Un instant, les paupières de Rabienne tressaillirent, et ses yeux tremblèrent alors qu'elle détournait le regard.

« Si c'est du poison, alors tu as essayé de nuire au prince héritier. Qu'il soit blessé ou non, le temple, déjà précaire, sera grandement impliqué. »

« Tu l'as donné directement au prince Damon. Qu'allais-tu faire quand on le découvrirait ? Penses-tu pouvoir t'en sortir ? »

« Je n'ai pas l'intention de fuir. Si c'est vraiment du poison, j'irai tout droit au Palais impérial et je dirai la vérité. »

« Es-tu fou ? Le moment où tu l'annonceras, tu es fini. Tu ne pourras même pas rester paladin ! Pour quoi te sacrifies-tu ? »

Rabienne lança un regard noir à Khalid. Son visage montrait qu'elle ne comprenait pas du tout.

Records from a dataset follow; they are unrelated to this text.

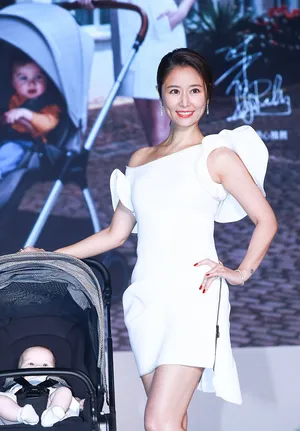 林心如拉链裙性感秀身材美腿纤细现场照图片_3
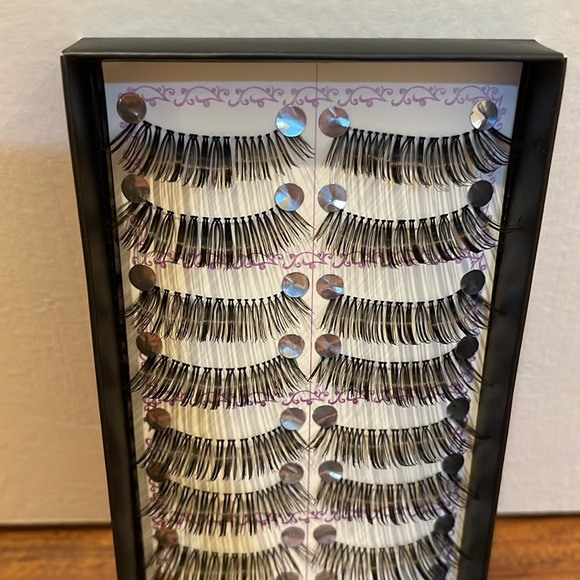 False lashes - Picture 2 of 2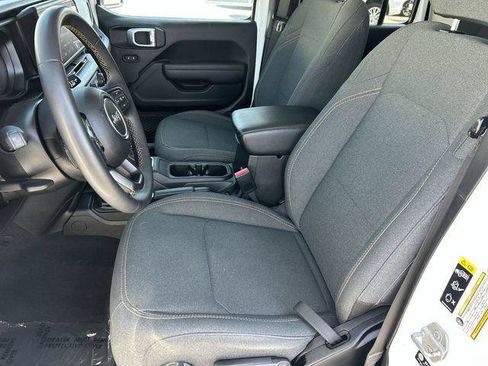 Certified 2025 Jeep Gladiator Sport AWD/4WD image 18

« Ce n'est pas un sacrifice. Si l'on a commis un crime, on doit en payer la peine. C'est ainsi que nous pouvons être confiants devant Espitos. Du moins, si nous sommes des adorateurs de la Déesse. »

« …Je n'ai rien à voir avec ça. Ce que je t'ai donné alors, c'était de l'eau bénite. »

« J'ai déjà vu la vérité dans ton expression. La réponse est complète. »

La raison pour laquelle Khalid était venu en prison était de parler à Rabienne et de voir sa réaction.

Ayant entendu que Rabienne avait fait boire du poison à la sainte précédente, il avait supposé que ce pouvait être la même chose.

Acculée, Rabienne réagit plus que d'habitude, et Khalid en fut convaincu.

« Même si ce n'était pas vraiment du poison, il n'y a rien de mal à être prudent. »

« Khalid, s'il te plaît, ne fais pas ça. Ce n'est pas comme ça. Pour quoi ai-je vécu comme ça ? Tout le monde disait que j'étais une sainte. Est-ce ma faute ? »

Khalid posa un regard triste sur la silhouette brisée de Rabienne qui hurlait et criait désespérément.

« Tout le monde n'est pas comme toi. »

Sur cela, Khalid partit.

« Ce n'est pas possible. Qu'est-il arrivé à mon père ? Il viendra certainement me chercher. C'est naturel. »

Rabienne, les yeux vides, s'assit sur le matelas et ne cessa de se le répéter, n'abandonnant jamais l'espoir que son père vienne la chercher.

─────

Le lendemain.

C'était le jour où la réunion convoquée par Deheen était promise.

Au lieu de la porte principale, Deheen entra au Palais impérial par un autre chemin, suivant le chevalier envoyé par l'empereur.

Il en alla de même pour les chefs des deux autres grandes familles.

L'endroit où tous furent guidés était le plus ancien jardin du Palais impérial, normalement interdit d'accès.

« Bienvenue. »

L'empereur, qui était arrivé plus tôt et passait du temps tranquillement dans le jardin, leva la main en voyant Deheen.